* _Requirement_
With the pictures left out, copy the listing below exactly.

* _Available data_
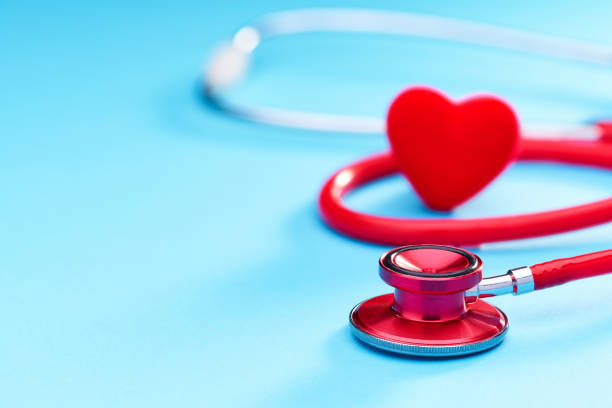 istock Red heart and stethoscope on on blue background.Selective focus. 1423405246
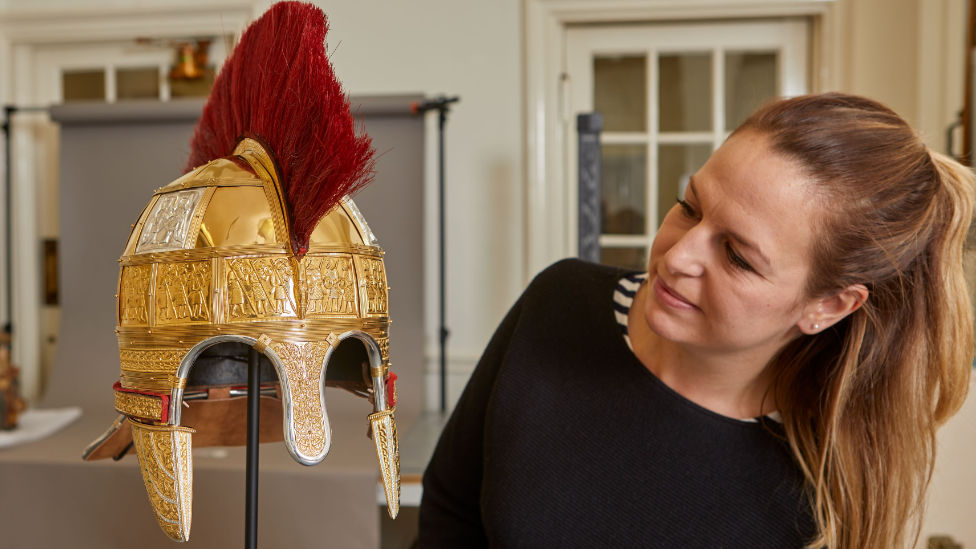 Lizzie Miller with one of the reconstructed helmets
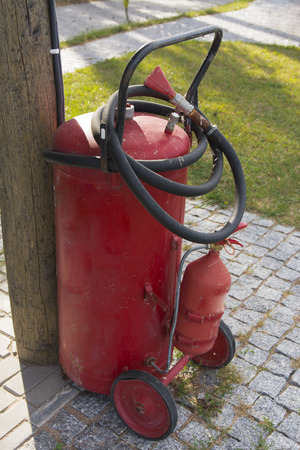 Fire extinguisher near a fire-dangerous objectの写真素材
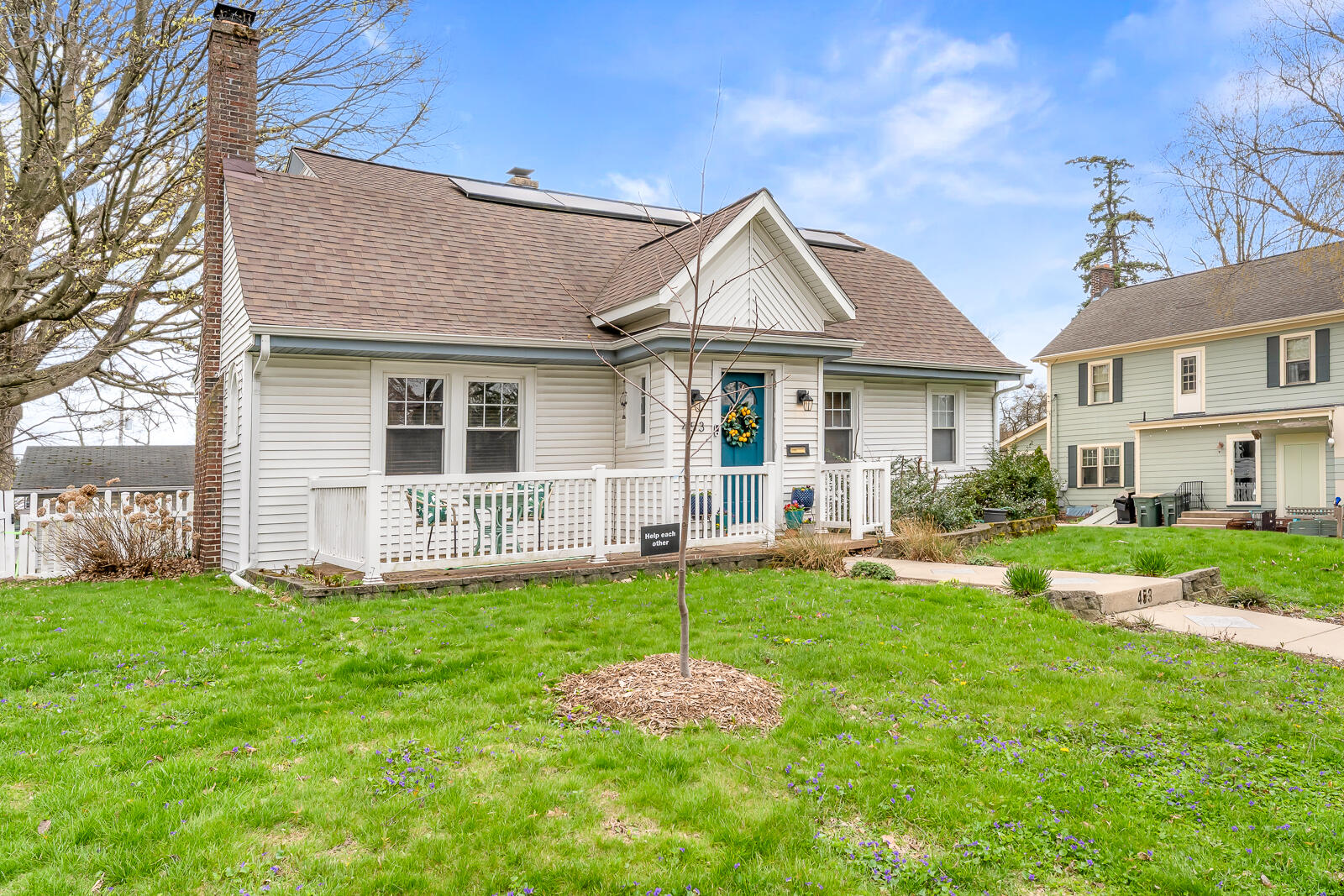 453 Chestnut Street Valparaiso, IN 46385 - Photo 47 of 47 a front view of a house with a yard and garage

* _Reply to the exercise_
 istock Red heart and stethoscope on on blue background.Selective focus. 1423405246
 Lizzie Miller with one of the reconstructed helmets
 Fire extinguisher near a fire-dangerous objectの写真素材
 453 Chestnut Street Valparaiso, IN 46385 - Photo 47 of 47 a front view of a house with a yard and garage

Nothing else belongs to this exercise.